1. They were built up on the foundation of the prophets and apostles; Jesus Christ himself being the corner stone.

2. They continued steadfastly in that doctrine which they had received from God.

3. They were separated from the world, and lived in a holy Christian fellowship, strengthening and building up each other in their most holy faith.

4. They were frequently breaking bread in remembrance that Jesus Christ died for them.

5. They were faithful in prayers, knowing that they could be faithful only as long as they were upheld by their God, and knowing also that they could not expect his grace to support them, unless they humbly and earnestly prayed for its continuance.



43 And fear came upon every soul: and many wonders and signs were done by the apostles. 
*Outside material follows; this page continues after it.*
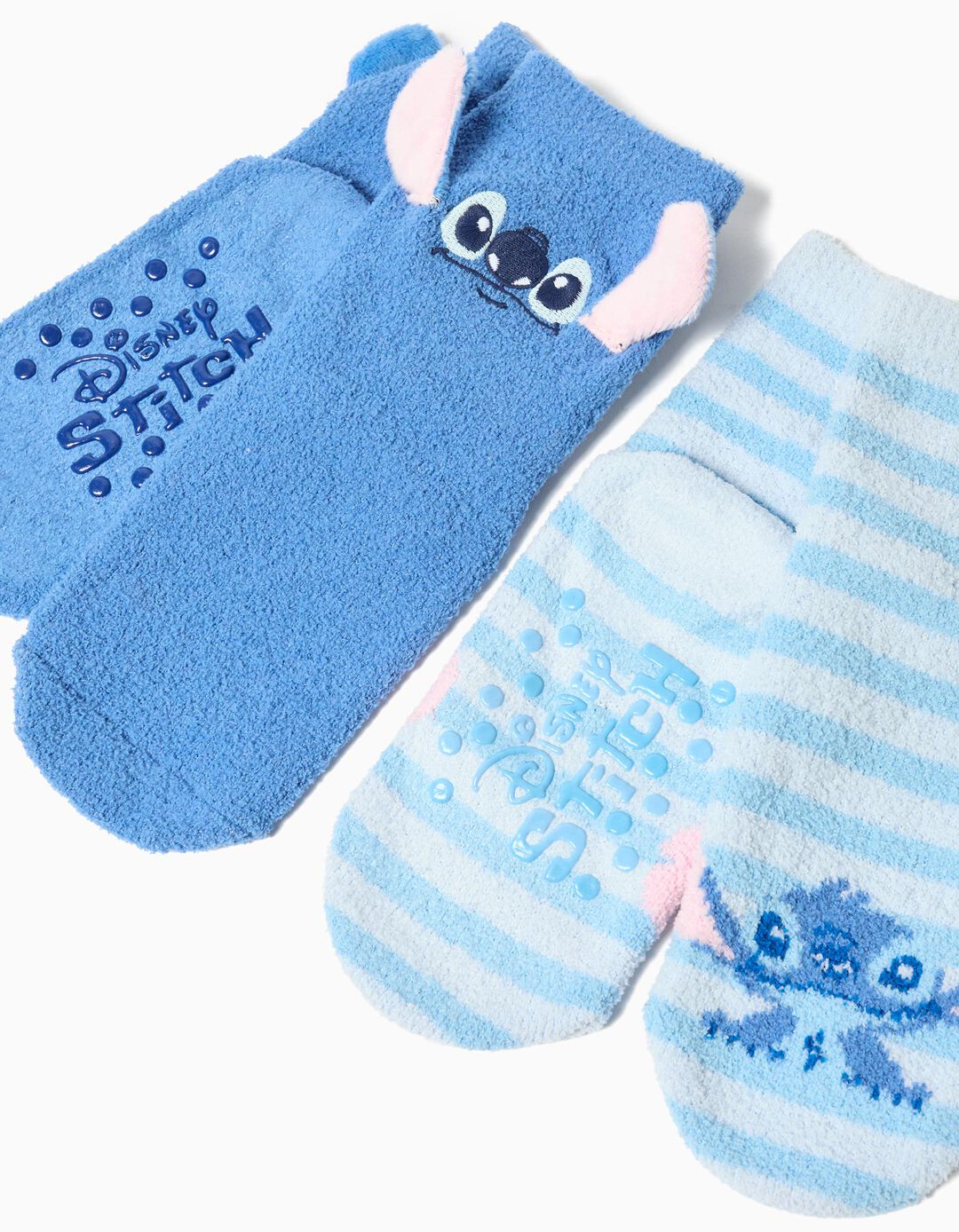 Pack 2 Meias Antiderrapantes 'Stitch' ©Disney, Menina, Azul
And fear came upon every soul: 

This seems to refer to the dread, veneration, and wonder which fell upon the greater part of the people, and prevented them from interfering with the disciples. It was inspired by God, and was like the first settlement of Israel in the land of Canaan, when God placed the fear and the dread of the Israelites upon all the people of that land: “There shall no man be able to stand before you: for the LORD your God shall lay the fear of you and the dread of you upon all the land that ye shall tread upon, as he hath said unto you” (Deuteronomy 11:25). The multitude had just before this mocked the disciples saying, “…These men are full of new wine” (Acts 2:13); but the mood of the crowd had changed because their consciences were stung with remorse, and they were fearful of the judgments of God; and the wonders and signs continually wrought by the apostles were at once proofs of the celestial origin of their doctrine and mission, and of their own immorality, treachery, and wickedness.  And now the fear prompted by the events on the day of Pentecost, by the signs and wonders during the weeks preceding and for some time following, and by the wonderful unity and holiness of the newborn Church, had such a profound effect upon every soul at Jerusalem that all hostility was paralyzed, and the disciples had the time and the freedom to multiply, consolidate, and establish themselves before the storm of persecution fell upon them. 



and many wonders and signs were done by the apostles.

The multitudes in Jerusalem heard the apostles speak with divers tongues (languages they never spoke before), and Peter preach in the shocking manner he did, and saw many thousands embrace the Gospel of Christ at once, and profess faith in Him, and submit to baptism in water; and this happened only a few weeks after His crucifixion, and while He was under the greatest reproach and scandal.  There was also the many wonders and signs done by the apostles “in Jerusalem,” as it is written in the Vulgate Latin, and Syriac versions; such as casting out devils, healing the sick, causing the lame to walk, etc. which were those things promised by Christ, and therefore should be done by them—“And these signs shall follow them that believe ; In my name shall they cast out devils; they shall speak with new tongues” (Mark 16.17)—and which were necessary for the confirmation of the Gospel, and of the apostles' mission to preach it. The Vulgate Latin version adds another clause, much like the first part of the text, "and great fear was upon all": and the Alexandrian copy, and some others, read, "In Jerusalem, there was great fear upon all." 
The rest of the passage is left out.